Measure The Business Value of Your Spikes and Take High Payoff Risks (Lean Software Development Part 4)

8 minute read

Lately at work, we’ve unexpectedly been asked by other teams if they could use our product for something that we had not forseen. As we are not sure whether we’ll be able to tune our product to their needs, we are thinking about doing a short study to know the answer. This looks like a great opportunity to try out Cost of Delay analysis about uncertain tasks.

Unfortunately, I cannot write the details of what we are creating at work in this blog, so let’s assume that we are building a Todo List Software.

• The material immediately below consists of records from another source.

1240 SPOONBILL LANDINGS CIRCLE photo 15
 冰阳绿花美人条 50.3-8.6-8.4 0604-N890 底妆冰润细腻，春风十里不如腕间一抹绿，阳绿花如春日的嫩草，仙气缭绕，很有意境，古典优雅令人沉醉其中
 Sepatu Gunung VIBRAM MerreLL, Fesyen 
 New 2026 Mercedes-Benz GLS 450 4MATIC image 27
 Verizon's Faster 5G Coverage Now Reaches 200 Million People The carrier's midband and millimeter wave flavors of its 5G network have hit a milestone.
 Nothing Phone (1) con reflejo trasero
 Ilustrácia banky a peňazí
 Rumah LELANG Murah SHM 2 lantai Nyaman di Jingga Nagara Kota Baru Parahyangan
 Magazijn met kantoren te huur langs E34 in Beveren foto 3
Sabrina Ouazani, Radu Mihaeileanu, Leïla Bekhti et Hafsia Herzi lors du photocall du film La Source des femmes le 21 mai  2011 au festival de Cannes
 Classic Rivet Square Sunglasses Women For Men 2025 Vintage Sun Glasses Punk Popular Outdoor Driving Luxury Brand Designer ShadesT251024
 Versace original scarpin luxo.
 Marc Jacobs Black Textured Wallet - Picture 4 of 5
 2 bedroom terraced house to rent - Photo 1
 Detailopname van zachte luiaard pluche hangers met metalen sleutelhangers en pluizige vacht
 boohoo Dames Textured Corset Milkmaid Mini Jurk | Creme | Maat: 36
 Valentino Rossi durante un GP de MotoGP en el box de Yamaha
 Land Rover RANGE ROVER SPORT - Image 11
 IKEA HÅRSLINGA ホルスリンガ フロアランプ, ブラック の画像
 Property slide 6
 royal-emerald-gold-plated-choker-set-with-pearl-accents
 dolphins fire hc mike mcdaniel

We have been targeting the enterprise market. Lately, we’ve seen some interest from individuals planning to use our todo list system for themselves at home.

For individuals, the system would need to be highly available and live 24/7 over the internet, latency will also be critical to retain customers, but the product could get a market share with a basic feature set.

On the other side, enterprise customers need advanced features, absolute data safety, but they can cope with nightly restarts of the server.

In order to know if we can make our todo list system available and fast enough for the individuals market, we are planning to conduct a pre-study, so as not to waste time on an unreachable goal. In XP terms, this is a spike, and it’s a bunch of experiments rather than a theoretical study.

Photo of someone studying behind piles of books

When should we prioritize this spike ?

If we are using the Weighted Shortest Job First metric to prioritize our work, we need to estimate the cost of delay of a task to determine its priority. Hereafter I will explain how we could determine the value of this spike.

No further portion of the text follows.